Sep 11, 20203 min
Before building my stairway gallery, I scoured the internet (including several hours of Pinterest) looking for the perfect format. Don't get me wrong, there are some beautiful wall galleries out there, but nothing seemed to fit exactly what I was looking for. So, I took in all the info I could get, and created my own gallery from scratch. I picked out the pieces I wanted to include, had some pictures printed, and went to work. There were lots of trial-and-error steps and boy did I go through a lot of painters tape. But at the end of the day I had a beautiful wall. Here are some tips for building your perfect stairway gallery wall:
One way to assure that your baseline for your gallery isn't too low, is to measure the handrail. If your handrail is on the opposite side of the wall, you'll want to mirror it. If your handrail is on the wall, you'll want to choose 3-5 inches above it. Make a mark on the wall (with pencil or tape) from the middle of the first step, then do the same at the top step. No need to make measurements for each step, the line from the bottom to the top should do the trick. Use the same height for the landing area (if you have one).
Create your canvas! The baseline will be from Tip #1. The top-line will be determined from your narrowest point. Where the second floor starts is our narrowest point of the stairway wall. I moved down length of an 8x10 frame and measured the distance from that point to my baseline. From there I had my measurements to create two parallel lines that will become my canvas. You'll fill up inside of the parallel lines, and build out from there, leading us to our next tip...
You have your "track" of parallel lines, now you need to eyeball what will fill that space. From there, you will build from the center-out. Meaning if you have more wall space on your landing, you may want to add frames going up. If you have space before your steps, build forward. You want to fill the space from the inside-out, leaving no chance for awkward spaces in-between. Think of a newspaper layout, there are no gaping spaces from the center-out. If there is any extra space, it is on the outside. Use this mentality when building your canvas.
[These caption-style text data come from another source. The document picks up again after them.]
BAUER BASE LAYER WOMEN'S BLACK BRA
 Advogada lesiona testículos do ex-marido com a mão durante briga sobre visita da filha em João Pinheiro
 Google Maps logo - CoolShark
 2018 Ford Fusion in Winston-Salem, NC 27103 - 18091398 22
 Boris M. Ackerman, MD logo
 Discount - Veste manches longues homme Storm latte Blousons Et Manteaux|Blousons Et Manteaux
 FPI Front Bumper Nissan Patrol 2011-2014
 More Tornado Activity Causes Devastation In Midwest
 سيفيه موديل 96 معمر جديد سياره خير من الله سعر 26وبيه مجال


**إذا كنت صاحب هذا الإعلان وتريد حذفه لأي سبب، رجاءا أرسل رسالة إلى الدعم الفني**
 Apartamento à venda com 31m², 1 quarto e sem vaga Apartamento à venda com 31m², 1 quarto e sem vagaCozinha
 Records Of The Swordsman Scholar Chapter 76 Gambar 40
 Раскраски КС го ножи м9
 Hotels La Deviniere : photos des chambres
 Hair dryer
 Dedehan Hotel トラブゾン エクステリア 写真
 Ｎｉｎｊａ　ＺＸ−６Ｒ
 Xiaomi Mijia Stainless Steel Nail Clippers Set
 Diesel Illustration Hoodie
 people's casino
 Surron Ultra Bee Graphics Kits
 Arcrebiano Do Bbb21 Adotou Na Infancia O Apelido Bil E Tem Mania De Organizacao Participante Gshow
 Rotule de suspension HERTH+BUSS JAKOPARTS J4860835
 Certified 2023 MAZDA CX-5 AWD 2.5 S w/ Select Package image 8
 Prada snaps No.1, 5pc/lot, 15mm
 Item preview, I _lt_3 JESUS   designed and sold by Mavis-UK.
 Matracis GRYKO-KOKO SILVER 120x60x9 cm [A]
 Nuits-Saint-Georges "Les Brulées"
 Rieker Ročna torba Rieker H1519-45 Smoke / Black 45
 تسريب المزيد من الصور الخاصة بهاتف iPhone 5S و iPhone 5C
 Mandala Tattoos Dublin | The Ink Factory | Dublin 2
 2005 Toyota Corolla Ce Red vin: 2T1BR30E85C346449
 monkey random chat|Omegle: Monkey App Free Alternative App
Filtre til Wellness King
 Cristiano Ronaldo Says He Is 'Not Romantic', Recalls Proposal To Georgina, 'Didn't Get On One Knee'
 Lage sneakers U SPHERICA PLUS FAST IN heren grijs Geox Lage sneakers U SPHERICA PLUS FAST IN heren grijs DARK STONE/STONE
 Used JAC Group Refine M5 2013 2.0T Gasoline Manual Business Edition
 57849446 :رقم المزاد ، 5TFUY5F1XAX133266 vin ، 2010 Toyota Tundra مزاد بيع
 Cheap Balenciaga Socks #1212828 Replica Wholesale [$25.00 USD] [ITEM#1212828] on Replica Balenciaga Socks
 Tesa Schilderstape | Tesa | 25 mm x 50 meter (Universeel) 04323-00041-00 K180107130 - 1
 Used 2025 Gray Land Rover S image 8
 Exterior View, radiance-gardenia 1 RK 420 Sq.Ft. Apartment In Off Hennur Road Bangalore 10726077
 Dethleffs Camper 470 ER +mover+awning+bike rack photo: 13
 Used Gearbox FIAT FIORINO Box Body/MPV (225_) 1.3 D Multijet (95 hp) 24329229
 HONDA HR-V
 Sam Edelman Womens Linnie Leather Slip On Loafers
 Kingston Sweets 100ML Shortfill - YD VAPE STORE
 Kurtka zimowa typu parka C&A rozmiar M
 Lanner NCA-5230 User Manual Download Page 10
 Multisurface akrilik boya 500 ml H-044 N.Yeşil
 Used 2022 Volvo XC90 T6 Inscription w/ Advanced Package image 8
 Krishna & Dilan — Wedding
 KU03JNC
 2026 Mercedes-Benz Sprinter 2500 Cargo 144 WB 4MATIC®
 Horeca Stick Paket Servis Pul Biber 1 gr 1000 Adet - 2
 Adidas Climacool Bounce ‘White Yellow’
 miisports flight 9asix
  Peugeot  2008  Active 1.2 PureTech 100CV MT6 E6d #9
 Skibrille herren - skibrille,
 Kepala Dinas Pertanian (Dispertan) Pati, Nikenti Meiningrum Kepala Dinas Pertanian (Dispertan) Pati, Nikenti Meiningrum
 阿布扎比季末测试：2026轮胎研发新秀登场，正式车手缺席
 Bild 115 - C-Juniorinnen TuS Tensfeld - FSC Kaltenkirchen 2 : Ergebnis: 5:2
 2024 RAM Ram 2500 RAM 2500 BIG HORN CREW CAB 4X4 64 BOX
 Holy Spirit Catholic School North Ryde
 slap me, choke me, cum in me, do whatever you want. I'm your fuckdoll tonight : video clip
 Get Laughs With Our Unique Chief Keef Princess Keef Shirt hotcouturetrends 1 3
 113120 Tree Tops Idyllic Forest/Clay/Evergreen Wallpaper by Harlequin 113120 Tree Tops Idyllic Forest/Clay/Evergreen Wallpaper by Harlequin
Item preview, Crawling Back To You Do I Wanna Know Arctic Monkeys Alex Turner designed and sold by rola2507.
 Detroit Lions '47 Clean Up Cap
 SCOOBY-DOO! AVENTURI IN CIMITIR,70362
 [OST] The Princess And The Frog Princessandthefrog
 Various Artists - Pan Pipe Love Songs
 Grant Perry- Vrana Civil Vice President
How many times have you envisioned something on your walls, and once it was up there you were a bit disappointed? Obviously it would be much easier to use your actual frames to decide placement, but that is just not practical... from excessive holes in the wall to dropped/broken frames, leave them in a safe spot until your space is finalized. To get a good idea of how the space will come together, use scrap paper/cardboard to make mock frames. Some of my 5x7's had narrow frames, some had wide or circular frames. Actually seeing the exact shape on the wall helped me make a few tweaks before it was time to poke holes.
Those perfect matching sets of frames on the walls always look so clean. But in real life, they're nearly impossible to line up perfectly from every perspective. Remember, your gallery is on a stairwell, so the viewer's perspective is always going to be different. Having identical frames/styles makes any placement mistake super visible. Instead, opt for different size/texture/shapes of frames. Not only does this blur the placement mistakes, it adds so much more character to your gallery. It makes it look truly eclectic. I received some old photos from my MIL that had old brass frames. When I added them to my gallery wall, I was beaming. They looked beautiful! It really added depth to it.
Get that level ready!! If you don't have one, there's one on your iPhone (go to the Measure app, switch to Level at bottom). But perfectionists beware: old houses are not level! Our house was build in 1890 and I swear there isn't a level surface within the whole damn house! This is where you're going to have to step back and eyeball it. Sometimes you'll to level it based on the ceiling, or the adjacent door-frame. Either way, make sure it is level to you. Have your spouse/roommate/neighbor take a look as well. Sometimes you can get buried in a project and need a fresh set of eyes.
And there you have it! Hopefully this tip guide will help you build your perfect gallery wall! We have ours, and there are plans for to add more on the next set of stairs.